Provided data section start
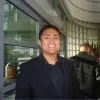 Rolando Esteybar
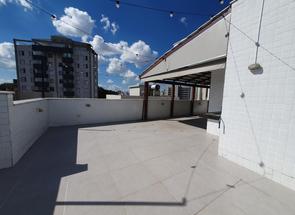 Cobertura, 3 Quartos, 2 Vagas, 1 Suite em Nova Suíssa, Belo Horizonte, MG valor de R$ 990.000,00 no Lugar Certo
Provided data section end
Provided data section start
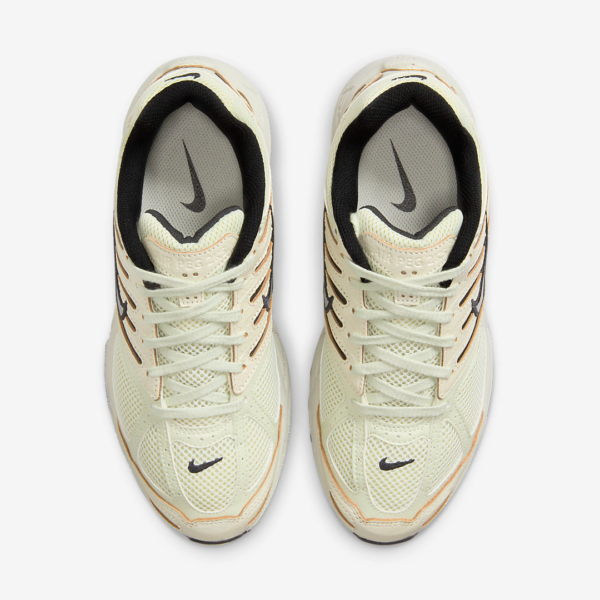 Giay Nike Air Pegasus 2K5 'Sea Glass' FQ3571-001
Provided data section end
Provided data section start
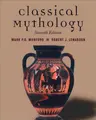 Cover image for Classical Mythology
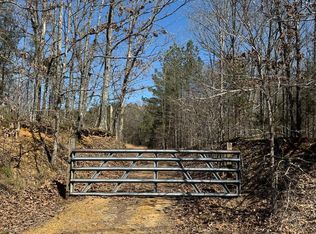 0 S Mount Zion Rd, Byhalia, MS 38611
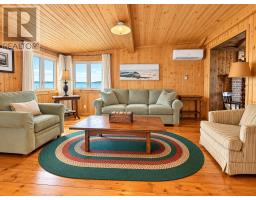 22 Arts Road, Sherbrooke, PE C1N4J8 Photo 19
Provided data section end
- **Exercise instructions**: Using the data above, return the lines from the one holding "Rolando Esteybar" through the one holding "Cobertura, 3 Quartos, 2" exactly, but not the pictures.

- **Answer for this exercise**:
 Rolando Esteybar
 Cobertura, 3 Quartos, 2 Vagas, 1 Suite em Nova Suíssa, Belo Horizonte, MG valor de R$ 990.000,00 no Lugar Certo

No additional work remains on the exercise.